Oh, and as a slight tangent: the two-body person certainly is not limited to just academics and/or couples where both are academics. I can think of several examples where the trailing spouse (and I know examples of both men and women playing the role of trailing here) were an issue for the job search and where said trailing spouse had to do a lot to make his or her career work in a new place. I think this is true for most couples where the people have “careers” rather than merely “jobs,” if you get my drift.
Now, switching sides of the table: here are the concluding paragraphs from “part two,” which is mostly told in the form of a dialog between Baker and her husband:
Chris: The two-body problem as we currently understand it is actually a three-body problem, involving the applicant, the significant other, and the hiring committee, and describing a peculiar system in which one of the bodies is often repulsive to another. Unfortunately, as Wikipedia tells it, though three-body problems have been studied for hundreds of years, they do not in general permit an analytical solution.

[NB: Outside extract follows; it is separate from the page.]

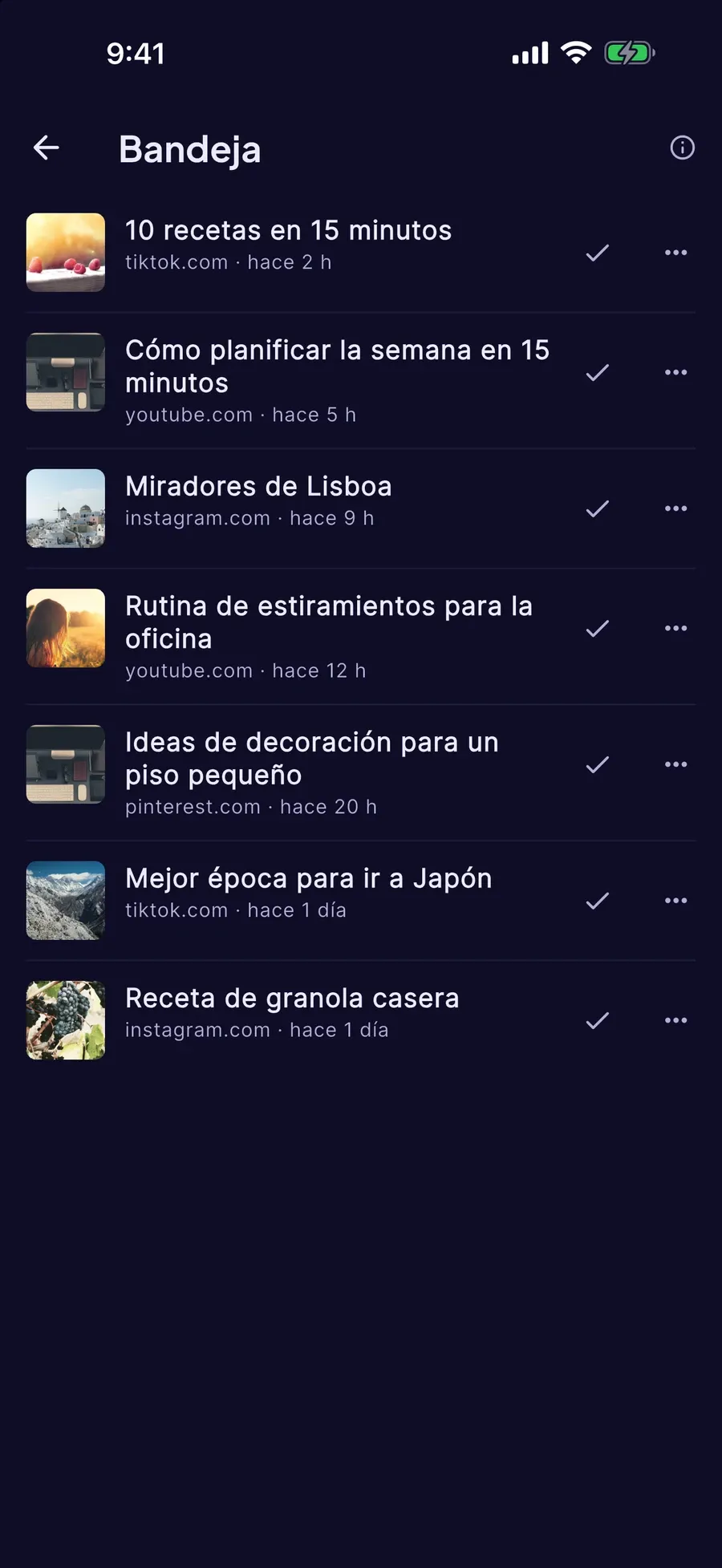 Bandeja de LinkGraph con recetas, guías e ideas guardadas hace poco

Kelly: Imagining this as a three-body problem is a more accurate reflection of the actual problem. While the two-body problem lays the blame on the couple, this is really a problem, as you note, for the couple and the employing institutions. The two-body problem appears as a result of the couple’s choices, which it partially is, but it’s also compounded by the attitudes of hiring committees and their institutions. More importantly, this is also a gendered issue, and there needs to be more reflection about the consequences to candidates and institutions.

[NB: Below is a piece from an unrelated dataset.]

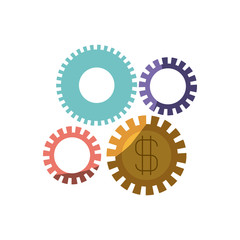 colorful silhouette of gears representing economic development with half shadow vector illustration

I’ve been involved in many searches, and in my experience, there are three things that have always been true. First, everyone knows that it is illegal and unethical to flat-out ask questions about a candidate’s marital status, race, religion, disabilities, etc. That’s a no-brainer. I’m not saying it never happens; it happened to me and I’ve seen several examples over the years where someone not on the committee in the course of a campus visit did something stupid and asked about the “poor husband” or the “poor wife.” But what I am saying is everyone at least knows “the rules.”
Second, every search committee I’ve been on speculates, investigates and/or otherwise tries to guess at a candidate’s marital status. In the age of social media, this is a lot easier to do nowadays, too. I think that’s just human nature and, as long as you don’t ask and/or act on that knowledge directly, I don’t think it’s unethical. To me, that’s the same as simply trying to find out more about a candidate from materials that they didn’t directly supply to the search committee, something that pretty much happens with every search.
Third, I’ve never been on a search where marital status was a factor in the job offer. There have been times on committees where we’ve speculated that our chances of hiring so-and-so was low because of a trailing spouse (“he’ll never take our offer because his wife has too good of a job where they are now”), and there have been times where we’ve speculated that our chances of hiring so-and-so are good because of a trailing spouse (“she’ll jump at the offer because her husband and his family are all from Detroit”), but I’ve never seen the scenario that Baker describes– that is, the committee decision to not make an offer “because of her poor husband.”
It is certainly true that women, for this and other reasons, often do get the short end of the academic stick; I just don’t think this is a problem unique to academia.